¿En qué consiste el supuesto "proceso de pacificación"?
La izquierda optimista (¿u oportunista?), es decir, la izquierda que cojea del lado nacionalista, sostiene que vivimos los últimos coletazos del nacionalismo terrorista y que tan solo falta un empujoncito.
Es precisamente ese empujoncito lo que nos separa a unos y otros. Porque en él incluyen unas concesiones no aclaradas, muchas zonas de sombra, la moda de la temporada conocida como "política discreta", y un insoportable olor a cálculo electoral.
Se equivocan en el diagnóstico, en el procedimiento y en las conclusiones. Como se equivocaron en el pasado, no es la primera vez que patinan. Lo que está sucediendo en el País Vasco no es el fin del terrorismo sino su regreso por la puerta grande. En cuanto a la situación de los actores del drama, la describe muy bien José María Calleja:
"El nacionalismo en el Gobierno pretende que el eventual fin del terrorismo no sólo no le reste ni un ápice de su gigantesco poder político, económico y social; aspira a aumentar aún más su hegemonía, si esto es posible y queda algún hueco de poder por ocupar.
"Por su parte, los nacionalistas que durante treinta años han ensangrentado el país, y facilitado la creación de la enorme hegemonía de los nacionalistas gobernantes, aspiran a que la población no les vea como los criminales que son, a dar sentido heroico a seis lustros de crímenes y a rebañar también alguna porción de poder.

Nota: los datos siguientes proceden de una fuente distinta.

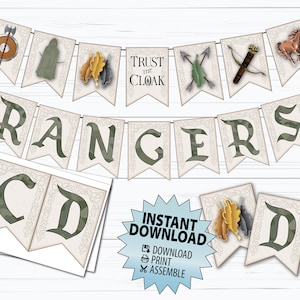 Puede incluir: Una pancarta imprimible con la palabra "Rangers" en una fuente medieval. La pancarta está decorada con imágenes de una figura encapuchada, un arco y una flecha, un caballo y hojas. El texto "Trust the Cloak" también está incluido en la pancarta. La pancarta está diseñada para una fiesta o evento.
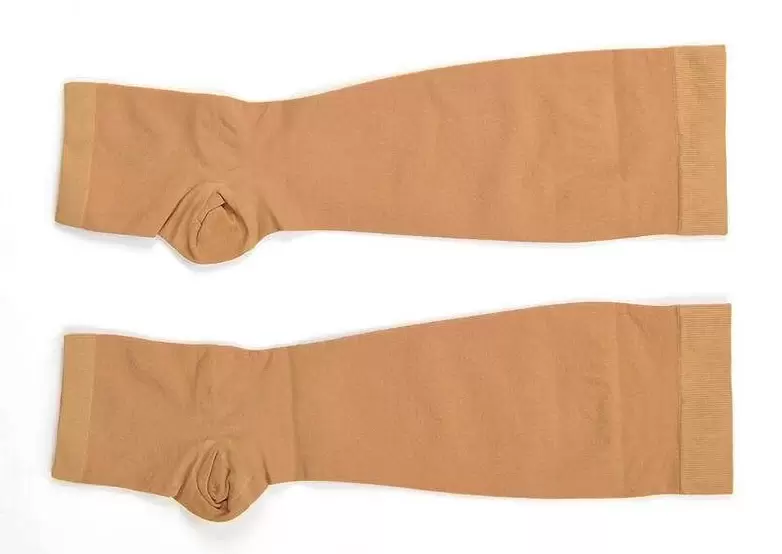An example of compression stockings from a well-known Asian manufacturer for patients suffering from varicose veins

"Es posible que esté cerca el fin de ETA, pero la libertad no será real en esta tierra hasta que las gentes del PP y del PSOE no dejen de estar apestadas socialmente, no sean objeto de odio y puedan defender en voz alta sus ideas; como hacen, desde hace tantos años, todo el amplio catálogo de nacionalistas que se han quedado con esta comunidad." José M. Calleja, Amurrio, el pecado y el botín.